Electronic Cash that exist today function as a replacement to physical notes. Almost all e-cash requires a Settlement Authority to store the value for its users. Companies like PayPal, Venmo, etc. function as intermediaries in moving Electronic Cash. There is no form of direct ownership involved.
What makes a CBDC different from all the other forms of money stored in a digital form is its database structure. CBDCs would not only be representations of money, but complete replacement for notes, coins and digital alternatives.
A central bank digital currency would likely be implemented using a database run by the central bank, government, or approved private-sector entities. The database would keep a record of the amount of money held by every entity. In contrast to cryptocurrencies, a central bank digital currency would be centralized, and so a blockchain would not be required. CBDC will run on an approved form of Distributed Ledger Technology (DLT).
Issuing a Digital Currency comes with numerous advantages that all governments can take advantage of. By completely digitizing value transfer, a new era of e-Governance can begin.
In February 2018, the government of Venezuela launched a national cryptocurrency called the Petro, or Petromoneda.
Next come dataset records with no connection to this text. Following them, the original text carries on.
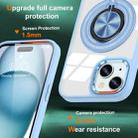 For iPhone 14 Magnetic Rotating Ring Holder Phone Case(Light Blue) - 2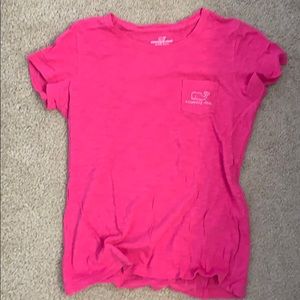 Pink Vineyard Vines Short Sleeve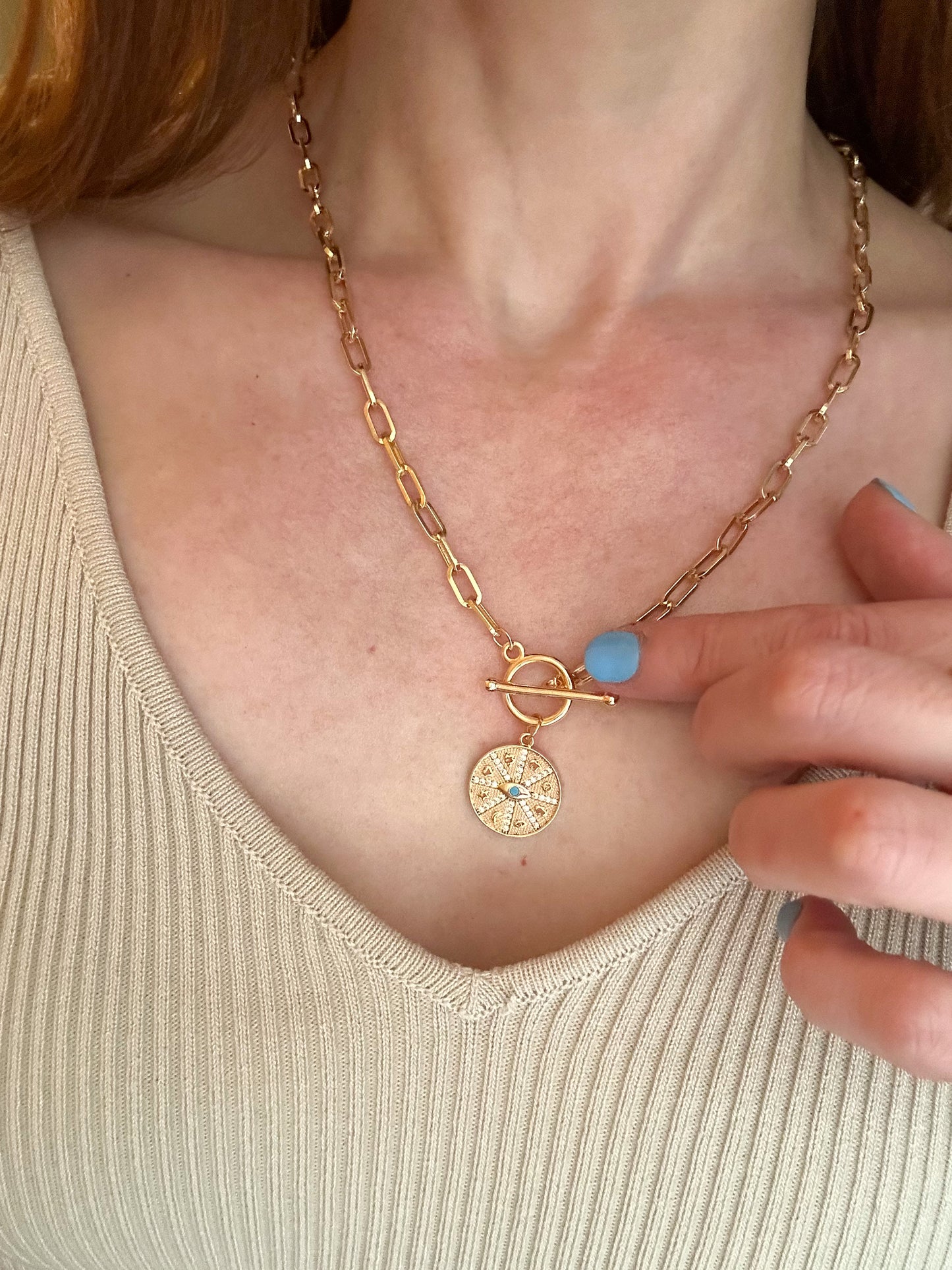 The Oracle Medallion Necklace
With the launch, Venezuela became the first country in the world to successfully implement a form of CBDC. The Petro, however, is different from all other CBDC projects, as it represents a Medium of Exchange other than Venezuela’s already existing fiat currency – the Bolivar. Petro was Venezuela’s attempt to curb the hyperinflation rampant in the country. It is claimed that each Petro issued it backed by barrels of petrol, making Petro one of the only assets backed sovereign currency.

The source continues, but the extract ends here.